Exact transcription of the data below is required, without the images.

## Given information
· · · · · · ·
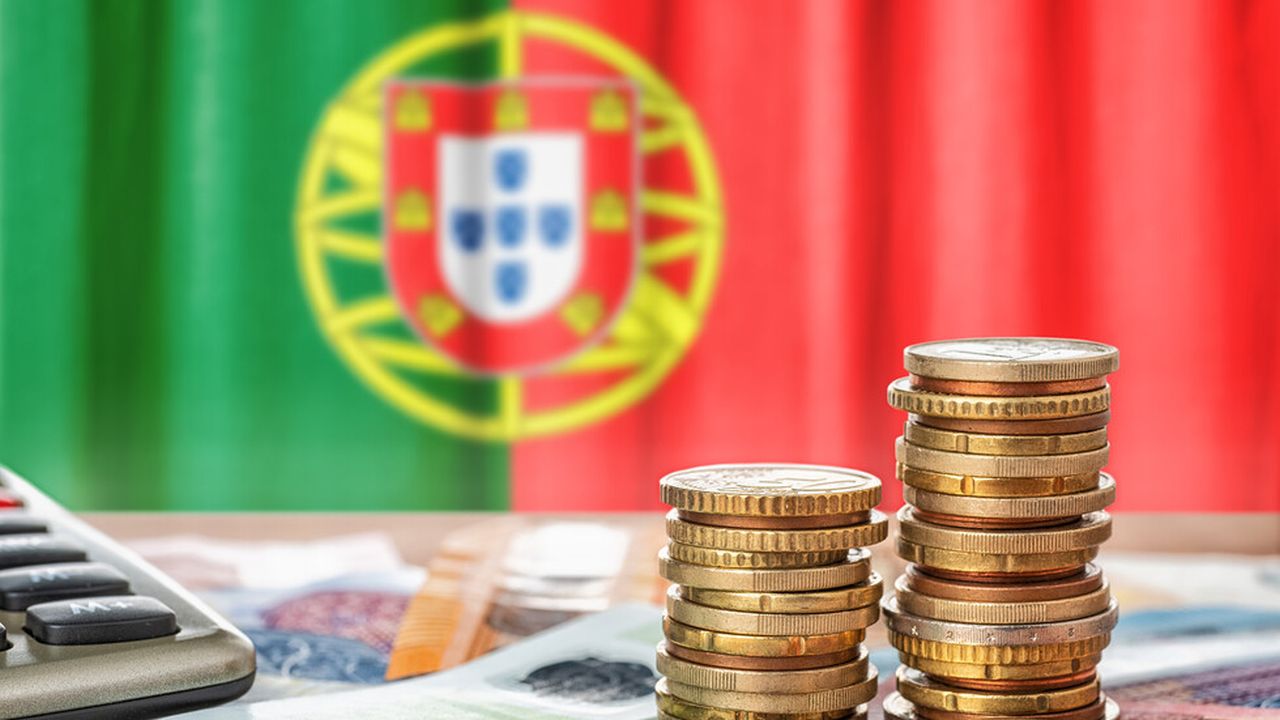 Преходът към еврото: Опитът на Португалия дни преди приемaнето му от България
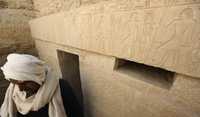 Arqueólogos egipcios descubrieron las tumbas de dos funcionarios de la corte en un cementerio de más de 4 mil años de antigüedad. Los arqueólogos señalan que la extensión de esta necrópolis podría ser mucho más amplia de lo que se había calculado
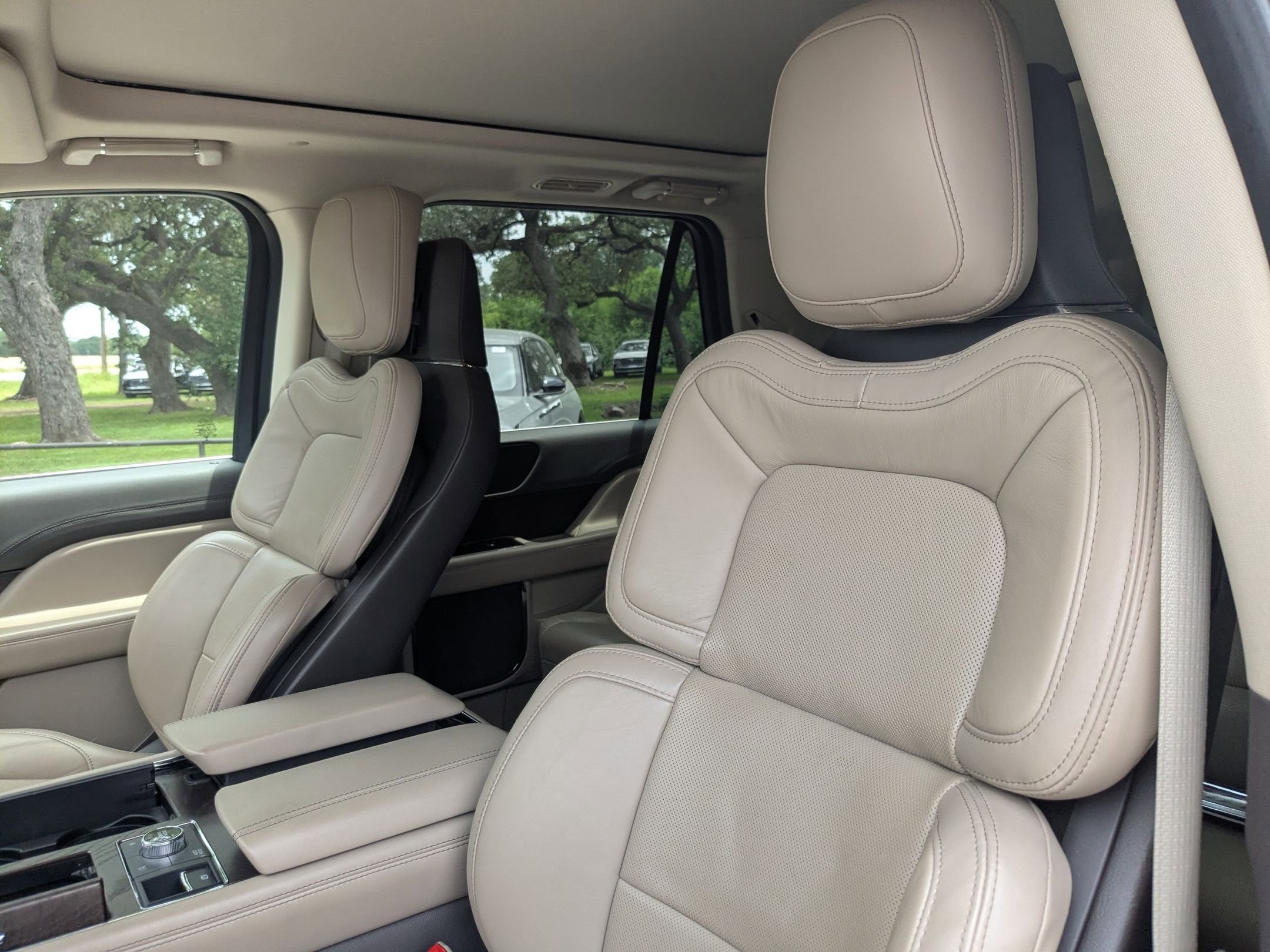 Used 2022 Lincoln Navigator L Reserve RWD image 6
· · · · · · ·
## Solution to this problem
 Преходът към еврото: Опитът на Португалия дни преди приемaнето му от България
 Arqueólogos egipcios descubrieron las tumbas de dos funcionarios de la corte en un cementerio de más de 4 mil años de antigüedad. Los arqueólogos señalan que la extensión de esta necrópolis podría ser mucho más amplia de lo que se había calculado
 Used 2022 Lincoln Navigator L Reserve RWD image 6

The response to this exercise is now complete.